As this year continues to fly by faster than I could ever imagine… the lessons to be learned are nothing short of present. I’d like to reflect more on what I wrote on in my previous blog. As I have been spending some time reflecting and mediating within myself solutions to my recurring issues. I feel that it really all boils down to the following:
Feelings of inadequacy.
In my life, I feel that I developed these fears and anxieties of not being completely enough. I know that part of this feeling stems from my on-going battle with self-esteem but I am also beginning to realize that these feelings visit and revisit me because of my fear of disappointment. This is not just a fear of me disappointing others, but of also disappointing myself.
I hold myself to such a high standard and it makes mistakes a hard pill for me to swallow… and I know that may sound incredibly inane or self-centered but it’s the honest truth. These issues that I have also stem from my fear of being vulnerable, and opening up which ultimately is an opportunity to experience failure that is beyond my control.

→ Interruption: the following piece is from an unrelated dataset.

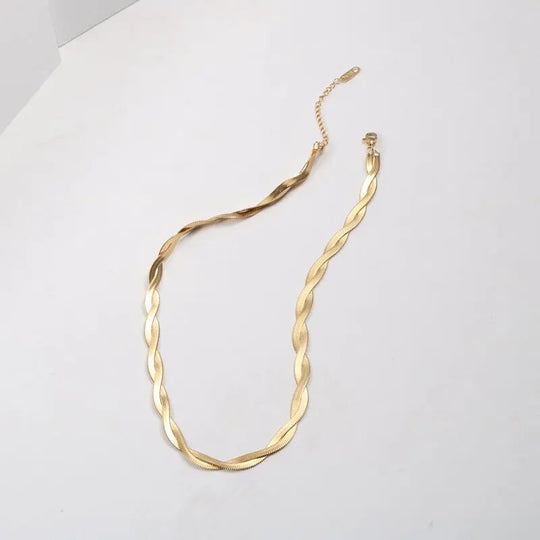 Knot. Choker worn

I absolutely despise feeling helpless. It is one of the handful of feelings that keeps me awake at night, that gives me nausea, that makes me tremble, that makes my body grow cold. If I were a Superhero they would write in my comics that Helplessness is my weaknesses and the only way to defeat me in battle. Here is my thought process (however wrong or right): If I can’t contribute to certain issues or situations that I feel so passionately about, then what am I here for? This is the way that my mind translates helplessness. I experience this so deeply and especially, when people that I care about take the power for me to contribute away. It is truly challenging for me to deal with because I just have a fire to give so much to the people that I love.
And yet, after all of that self-realization, I fear there is not much that I can do about it…that’s the whole point. So, what, I am to avoid all or any situations that have a possibility to not go my way? I could not live like that even if I tried to. So, what do I do? Honestly, this is a question that I really don’t have a good answer for but as I was driving to home & work this morning, I thought that I may have a few solutions to suffice.

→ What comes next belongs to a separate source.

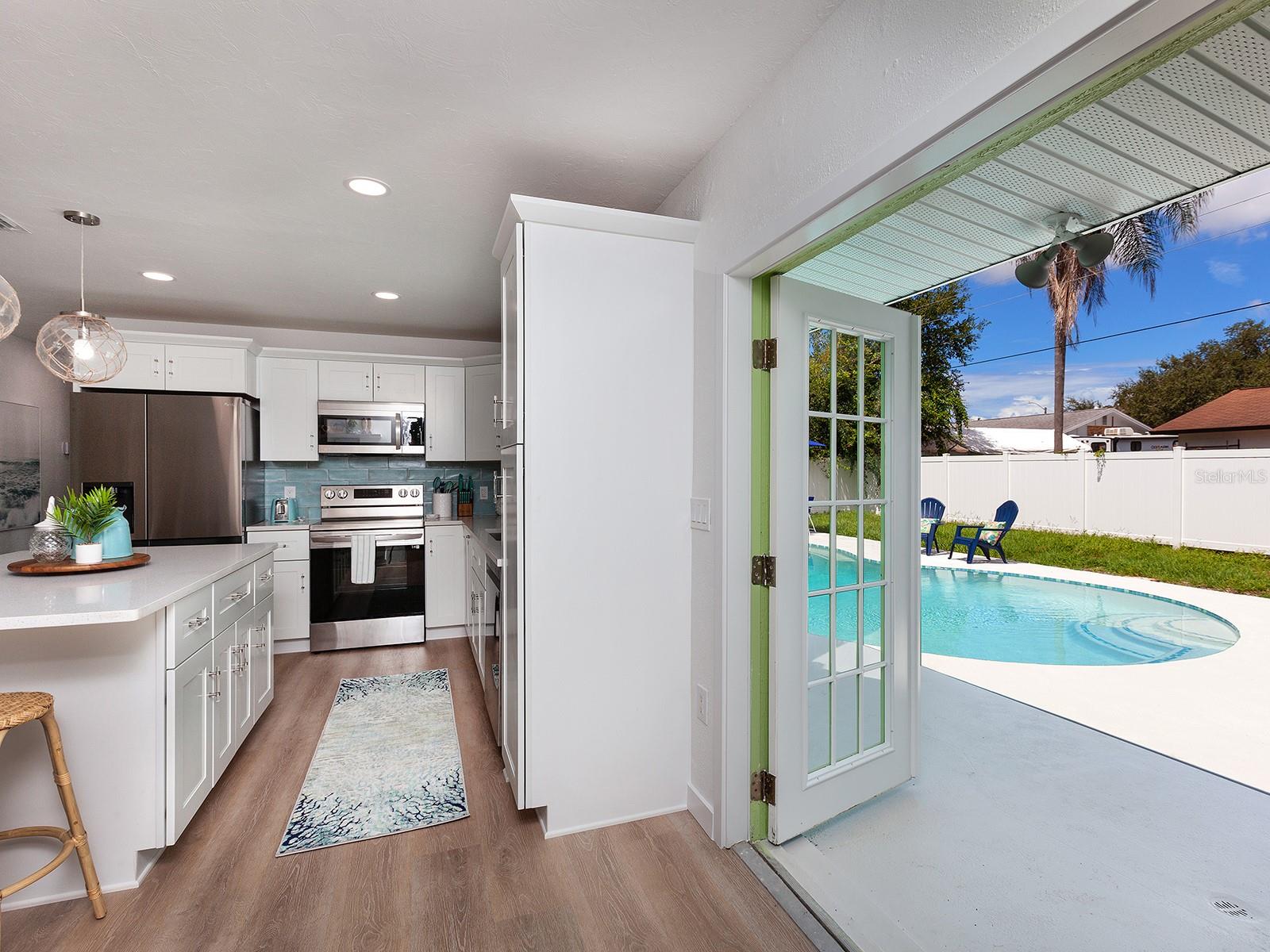 Image 11 of 47 For 3049 Wood Street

Recently, I have been trying to stay on top of doing breathing exercises which has helped tremendously. I think that it would help also to begin meditation… and that means committing to and carving out time from my day to meditate on anything – or maybe nothing! Typically, before I go to sleep, I say my prayers and I take at least 10 minutes (that is if I don’t fall asleep first), to try completely clear my head. Now, sometimes this does the complete opposite and my mind fills to the brim or overflows with thoughts, worries and I am lying in bed worse off than I was before. I need to get the hang of this process a bit more so that I can gain complete control of my mind and soul. I think that if I find times throughout my day, instead of just at night this would help to keep those negative thoughts away. I could feel what I’m feeling – and move on.
Writing certainly helps and is something that I can say contributes to clearing my mind and refreshing my thoughts. Sometimes we need to visually see or physically hear our thoughts in order to further our understanding and become more aware, ask for advice or to heal and move on.
All of these things I believe may effectively help me on a few different levels to cope with these anxieties that I have. I’m not entirely sure the reasoning but this is something that is quite difficult for me to open up about to people in my life. Although most of this they probably already know about me, by simply knowing my personality and my past – I don’t believe the people around me fully grasp the effect that it does have on me. I know that choosing not to share or speak on this matter is not part of this healthy process that I should incorporate into my lifestyle, but I believe that I do not have the skills to do so in a way that I feel would benefit me. To find a comfortable middle ground, here I am – writing.